'''

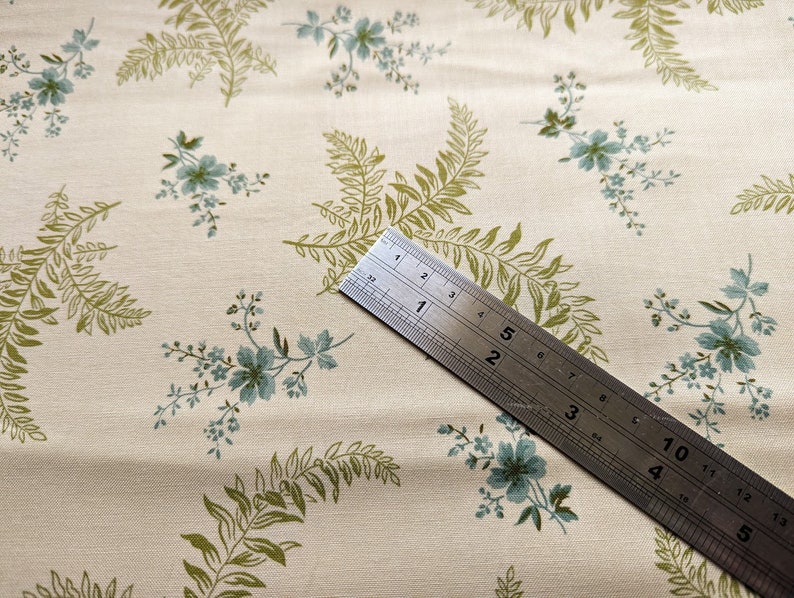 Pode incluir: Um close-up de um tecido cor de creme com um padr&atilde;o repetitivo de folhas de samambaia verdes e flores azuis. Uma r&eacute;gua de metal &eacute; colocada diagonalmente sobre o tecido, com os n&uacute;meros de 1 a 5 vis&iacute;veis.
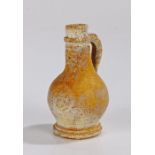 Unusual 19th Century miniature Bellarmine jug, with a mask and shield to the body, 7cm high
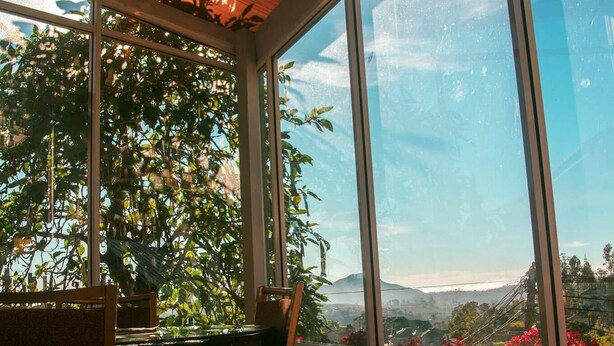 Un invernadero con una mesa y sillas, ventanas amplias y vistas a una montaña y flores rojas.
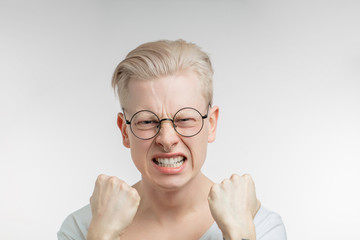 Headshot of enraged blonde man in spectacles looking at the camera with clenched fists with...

'''

The final stretch of the data, from the line with "Unusual 19th Century" through its last line, is to be retyped exactly; pictures are not part of the copy.

 Unusual 19th Century miniature Bellarmine jug, with a mask and shield to the body, 7cm high
 Un invernadero con una mesa y sillas, ventanas amplias y vistas a una montaña y flores rojas.
 Headshot of enraged blonde man in spectacles looking at the camera with clenched fists with...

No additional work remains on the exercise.